India’s exports and imports are expected to decline to US$332-$337 billion and US$493-498 billion in FY2020 from US$337.2 billion and US$517 billion, respectively in FY2019, says ICRA, a Moody’s Investors Service Company, in its latest report on Indian economy.

Accordingly, the merchandise trade deficit is likely to narrow considerable to about US$160-165 billion in FY2020 from US$180.3 billion in FY2019.

The anticipated narrowing in the merchandise trade deficit in FY2020 reflects the decline in merchandise imports on account of the subdued global commodity prices and shrinking in gold demand at prevailing prices.

It also reflects muted domestic consumption and industrial demand, rather than a healthy trend in merchandise exports, added the report.

ICRA expects the services surplus to improve mildly to US$83-85 billion in FY2020 from US$81.9 billion in FY2019.

The initial data released by the Commerce and Industry Ministry indicated that merchandise exports declined by 0.7% to US$52.4 billion in October-November 2019 from US$52.7 billion in October-November 2018, led by a considerable 13.8% dip in oil exports (to US$7.7 billion from US$9.0 billion), even as non-oil exports recorded a mild 1.9% rise (to US$44.6 billion from US$43.8 billion).

The YoY decline in the value of oil exports was driven by the substantial 16% correction in the price of the Indian crude oil basket to US$61.1/barrel in October-November 2019 from US$72.8/barrel during October-November 2018.

ICRA is cautiously optimistic that the recent YoY rise in non-oil merchandise exports may sustain in December 2019-February 2020, although an unfavourable base effect may result in a contraction in March 2020.
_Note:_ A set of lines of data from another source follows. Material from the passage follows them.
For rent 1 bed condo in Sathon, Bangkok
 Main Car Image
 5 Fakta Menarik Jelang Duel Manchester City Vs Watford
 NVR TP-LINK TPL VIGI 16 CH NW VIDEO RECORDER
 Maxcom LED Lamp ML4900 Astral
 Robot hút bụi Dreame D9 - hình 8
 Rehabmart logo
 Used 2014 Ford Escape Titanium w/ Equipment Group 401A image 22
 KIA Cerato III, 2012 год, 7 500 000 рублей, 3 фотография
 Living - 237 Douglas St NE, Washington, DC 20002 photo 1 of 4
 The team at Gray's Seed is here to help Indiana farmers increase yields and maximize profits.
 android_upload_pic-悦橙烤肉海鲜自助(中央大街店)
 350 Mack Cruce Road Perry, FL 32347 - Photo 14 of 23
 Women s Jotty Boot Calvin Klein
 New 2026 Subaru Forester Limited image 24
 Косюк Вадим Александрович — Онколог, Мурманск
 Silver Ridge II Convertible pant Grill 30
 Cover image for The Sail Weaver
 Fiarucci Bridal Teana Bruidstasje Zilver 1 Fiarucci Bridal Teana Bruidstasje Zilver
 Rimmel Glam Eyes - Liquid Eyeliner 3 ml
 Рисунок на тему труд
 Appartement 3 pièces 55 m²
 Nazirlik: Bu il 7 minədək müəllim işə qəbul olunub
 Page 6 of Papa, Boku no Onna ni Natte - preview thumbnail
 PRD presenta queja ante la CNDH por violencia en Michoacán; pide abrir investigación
Overall, ICRA expects merchandise exports to decline on a YoY basis by 0-2% in FY2020, driven by a contraction of ~1.5-2.0% in oil exports (assuming an average oil price of US$64.5/barrel), and ~0.5-1.0% in non-oil exports.

ICRA expects merchandise imports to contract by 4-5% in FY2020. While a pickup in the prices of crude oil and gold, as well as the base effect, may arrest the pace of contraction in imports in the coming months, the impact of this on the overall trade deficit is likely to be limited.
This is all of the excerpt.